Although the material holds pictures, none belong in the copy; transcribe exactly, and only, the lines from the one with "小狐狸如何快速充值会员:详细步骤解析" through the end.

(Beginning of Source information)

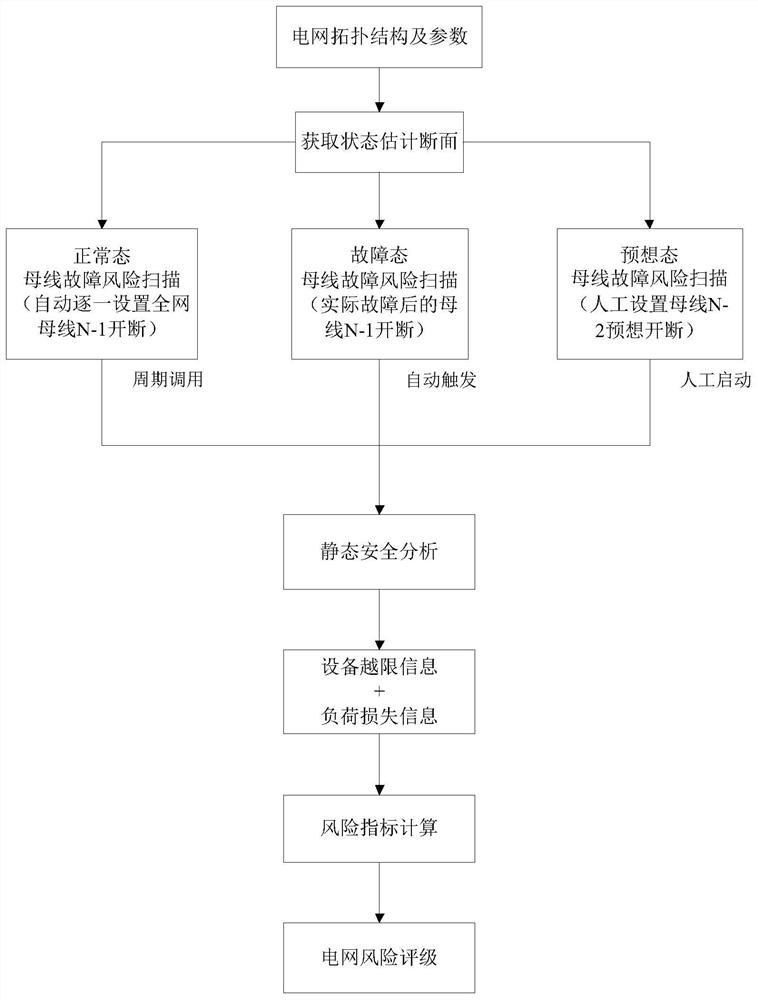 A Risk Assessment Method for Power Grid Operation Aiming at Bus Fault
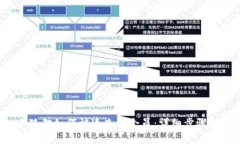小狐狸如何快速充值会员:详细步骤解析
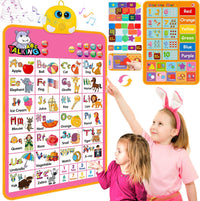 Electronic Alphabet Wall Chart - Pink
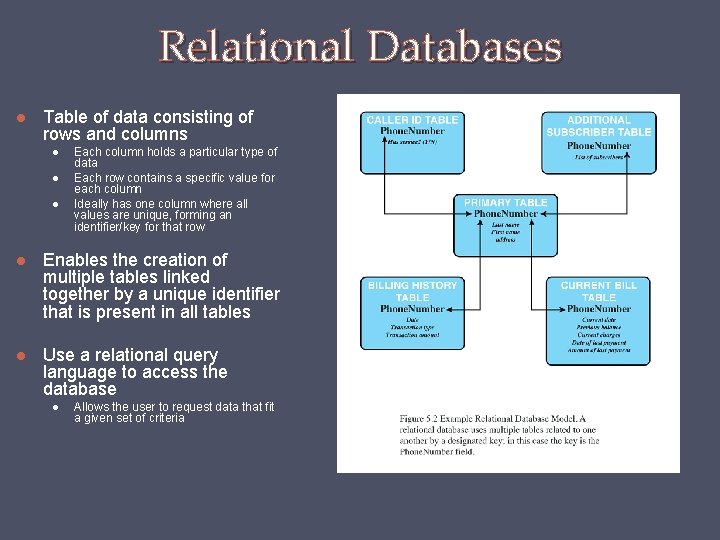 Relational Databases Table of data consisting of rows and columns Each column holds a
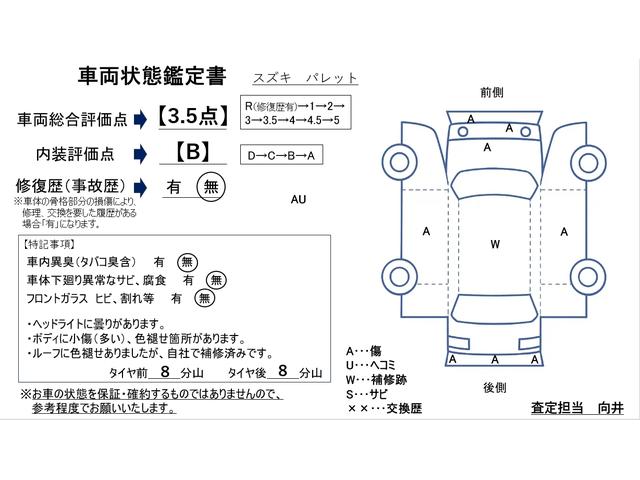 �u����̂܂܌f�ڐ錾�v�@�]�������f�ڂ��Ă���܂��B���Ԃ̏�Ԃ����m�F���������B����m�̃R�����g������Ă���܂��B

(End of Source information)

-- Answer to the exercise --
小狐狸如何快速充值会员:详细步骤解析
 Electronic Alphabet Wall Chart - Pink
 Relational Databases Table of data consisting of rows and columns Each column holds a
 �u����̂܂܌f�ڐ錾�v�@�]�������f�ڂ��Ă���܂��B���Ԃ̏�Ԃ����m�F���������B����m�̃R�����g������Ă���܂��B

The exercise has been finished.